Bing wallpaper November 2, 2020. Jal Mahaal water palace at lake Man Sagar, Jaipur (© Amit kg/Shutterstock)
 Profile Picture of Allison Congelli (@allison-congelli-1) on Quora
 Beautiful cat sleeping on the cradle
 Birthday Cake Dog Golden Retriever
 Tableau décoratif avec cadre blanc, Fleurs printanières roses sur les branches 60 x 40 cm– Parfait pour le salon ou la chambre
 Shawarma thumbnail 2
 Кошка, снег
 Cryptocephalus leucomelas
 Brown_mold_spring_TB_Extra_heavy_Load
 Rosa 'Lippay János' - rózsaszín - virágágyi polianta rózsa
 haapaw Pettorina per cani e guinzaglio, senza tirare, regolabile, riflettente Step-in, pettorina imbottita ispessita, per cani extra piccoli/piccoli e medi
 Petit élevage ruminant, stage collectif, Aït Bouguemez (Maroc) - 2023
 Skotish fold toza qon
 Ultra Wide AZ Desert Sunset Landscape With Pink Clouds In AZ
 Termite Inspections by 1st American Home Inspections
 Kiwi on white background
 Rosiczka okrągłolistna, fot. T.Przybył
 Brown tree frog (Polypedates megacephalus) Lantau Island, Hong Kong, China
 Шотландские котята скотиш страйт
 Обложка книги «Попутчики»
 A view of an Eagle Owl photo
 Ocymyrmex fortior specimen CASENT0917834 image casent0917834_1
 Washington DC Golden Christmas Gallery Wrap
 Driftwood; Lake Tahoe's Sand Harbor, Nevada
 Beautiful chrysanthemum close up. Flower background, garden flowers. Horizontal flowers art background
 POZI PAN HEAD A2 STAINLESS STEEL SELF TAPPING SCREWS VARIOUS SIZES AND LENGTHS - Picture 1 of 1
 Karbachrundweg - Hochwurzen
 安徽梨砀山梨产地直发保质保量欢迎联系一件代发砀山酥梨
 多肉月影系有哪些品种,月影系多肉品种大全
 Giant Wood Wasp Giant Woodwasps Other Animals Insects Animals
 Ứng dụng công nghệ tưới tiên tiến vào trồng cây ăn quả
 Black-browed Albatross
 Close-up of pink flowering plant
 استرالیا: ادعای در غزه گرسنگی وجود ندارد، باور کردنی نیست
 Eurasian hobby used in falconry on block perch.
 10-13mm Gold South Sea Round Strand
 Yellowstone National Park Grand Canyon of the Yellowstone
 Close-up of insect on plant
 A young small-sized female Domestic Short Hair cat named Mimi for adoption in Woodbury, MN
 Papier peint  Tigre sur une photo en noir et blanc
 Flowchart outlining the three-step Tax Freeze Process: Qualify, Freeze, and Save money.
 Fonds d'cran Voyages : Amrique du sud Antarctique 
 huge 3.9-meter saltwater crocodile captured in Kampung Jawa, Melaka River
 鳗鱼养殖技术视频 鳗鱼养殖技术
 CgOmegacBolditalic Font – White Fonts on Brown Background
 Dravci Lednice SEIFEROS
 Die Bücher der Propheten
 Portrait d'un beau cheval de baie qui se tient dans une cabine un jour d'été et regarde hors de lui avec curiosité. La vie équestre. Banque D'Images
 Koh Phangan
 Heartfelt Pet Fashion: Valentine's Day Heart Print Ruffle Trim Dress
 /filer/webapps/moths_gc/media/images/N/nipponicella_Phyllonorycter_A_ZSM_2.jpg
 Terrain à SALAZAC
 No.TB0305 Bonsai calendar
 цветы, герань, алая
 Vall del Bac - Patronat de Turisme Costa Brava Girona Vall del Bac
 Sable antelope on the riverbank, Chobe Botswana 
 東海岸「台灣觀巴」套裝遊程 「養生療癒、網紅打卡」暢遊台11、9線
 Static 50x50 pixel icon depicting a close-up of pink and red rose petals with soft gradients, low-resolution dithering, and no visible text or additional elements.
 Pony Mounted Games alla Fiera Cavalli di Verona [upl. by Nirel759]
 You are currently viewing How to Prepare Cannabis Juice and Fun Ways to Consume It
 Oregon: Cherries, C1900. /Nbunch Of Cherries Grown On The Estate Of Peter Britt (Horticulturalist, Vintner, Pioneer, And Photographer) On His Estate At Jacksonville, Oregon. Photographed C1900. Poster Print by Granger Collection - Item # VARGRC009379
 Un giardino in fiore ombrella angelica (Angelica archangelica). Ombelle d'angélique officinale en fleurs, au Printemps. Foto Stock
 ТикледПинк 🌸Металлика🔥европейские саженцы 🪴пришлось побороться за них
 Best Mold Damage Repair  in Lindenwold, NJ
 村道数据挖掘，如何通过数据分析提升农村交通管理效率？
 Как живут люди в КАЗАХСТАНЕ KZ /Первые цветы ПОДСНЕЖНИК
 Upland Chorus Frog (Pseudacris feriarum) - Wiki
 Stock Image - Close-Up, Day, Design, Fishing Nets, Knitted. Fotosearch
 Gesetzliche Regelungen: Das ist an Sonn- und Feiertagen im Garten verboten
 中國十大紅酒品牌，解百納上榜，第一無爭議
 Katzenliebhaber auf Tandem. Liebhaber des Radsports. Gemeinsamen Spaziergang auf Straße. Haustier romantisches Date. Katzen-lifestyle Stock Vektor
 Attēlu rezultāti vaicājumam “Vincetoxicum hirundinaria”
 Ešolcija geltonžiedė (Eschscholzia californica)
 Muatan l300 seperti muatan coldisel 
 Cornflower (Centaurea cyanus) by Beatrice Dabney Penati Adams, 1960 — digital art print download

———

Exercise details:
Within the listing above, copy each line that has the string "Golden".

Answer to the exercise:
 Birthday Cake Dog Golden Retriever
 Washington DC Golden Christmas Gallery Wrap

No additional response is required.